Robusto made what he characterized as a motion for a mistrial: “This is totally unfair. This is a total violation of anything I understand to be due process, equal protection, just pure fairness to a defendant. And I’m getting boot strapped big time and you’re acting unprofessional. You’re not being judicial and it’s just not right. I don’t know why you’re doing this. I have no idea why this is happening, and I do not understand it in any shape, fashion, or form. I am totally, totally perplexed by your attitude.”

The court merely said, “Hold on. We’ve got jurors, ” and turned its attention to the entering jury panel. Robusto asked for a ruling, and the court said, “Overruled.”

The court clerk swore in the panel. The court said, “All right. Folks, as you notice, it’s a quarter after 4:00 in the afternoon. We got a late start on this matter. So we’re going to excuse you folks for the evening recess.” The court ordered the jury back the following day at 11:00 a.m. The court ordered counsel back the following morning at 10:30 a.m.

The following day, the court denied O’Brien’s motion to dismiss based on a violation of his speedy trial rights, but quashed the jury venire that had been sent to the courtroom the day before, beginning anew with jurors who had not seen the defendants in their jail clothing.

O’Brien filed a petition for writ of mandate requesting that the trial court be ordered to dismiss the charges against him on the ground that he was not brought to trial within the time provided by statute.
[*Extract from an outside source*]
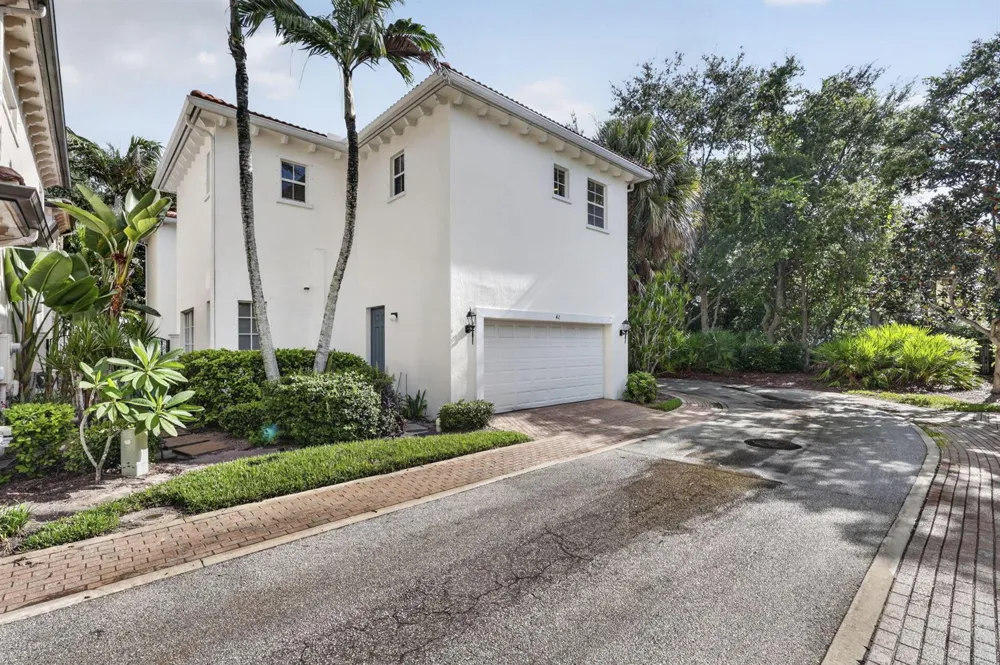 42 Stoney Drive Palm Beach Gardens, FL 33410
We issued an order to show cause and stayed the trial court proceedings with respect to O’Brien.

DISCUSSION

I. O’Brien Was Not Brought to Trial Within the Time Period Provided by Section 1382

“The state and federal Constitutions guarantee a defendant facing criminal charges the right to a speedy trial. (U.S. Const., 6th Amend.; Cal. Const., art. I, § 15.) This right protects an accused from facing an unduly lengthy period in which criminal charges are pending. [Citation.] In California, one of the principal statutes implementing the constitutional right to a speedy trial is section 1382.” (People v. Hajjaj (2010) 50 Cal.4th 1184, 1193 (Hajjaj).) Section 1382, subdivision (a) provides in relevant part that the court shall order a felony action to be dismissed, unless good cause to the contrary is shown, when the defendant is not brought to trial within 60 days of the defendant’s arraignment on an indictment or information, absent a general waiver of time or consent to a trial date beyond the statutory period. “In other words, in the absence of waiver or consent on the part of the defendant, section 1382 ‘requires dismissal when a defendant is not “brought to trial” within the statutorily prescribed period after the filing of the information, ’ unless good cause is shown. [Citations.]” (Id. at p. 1194.)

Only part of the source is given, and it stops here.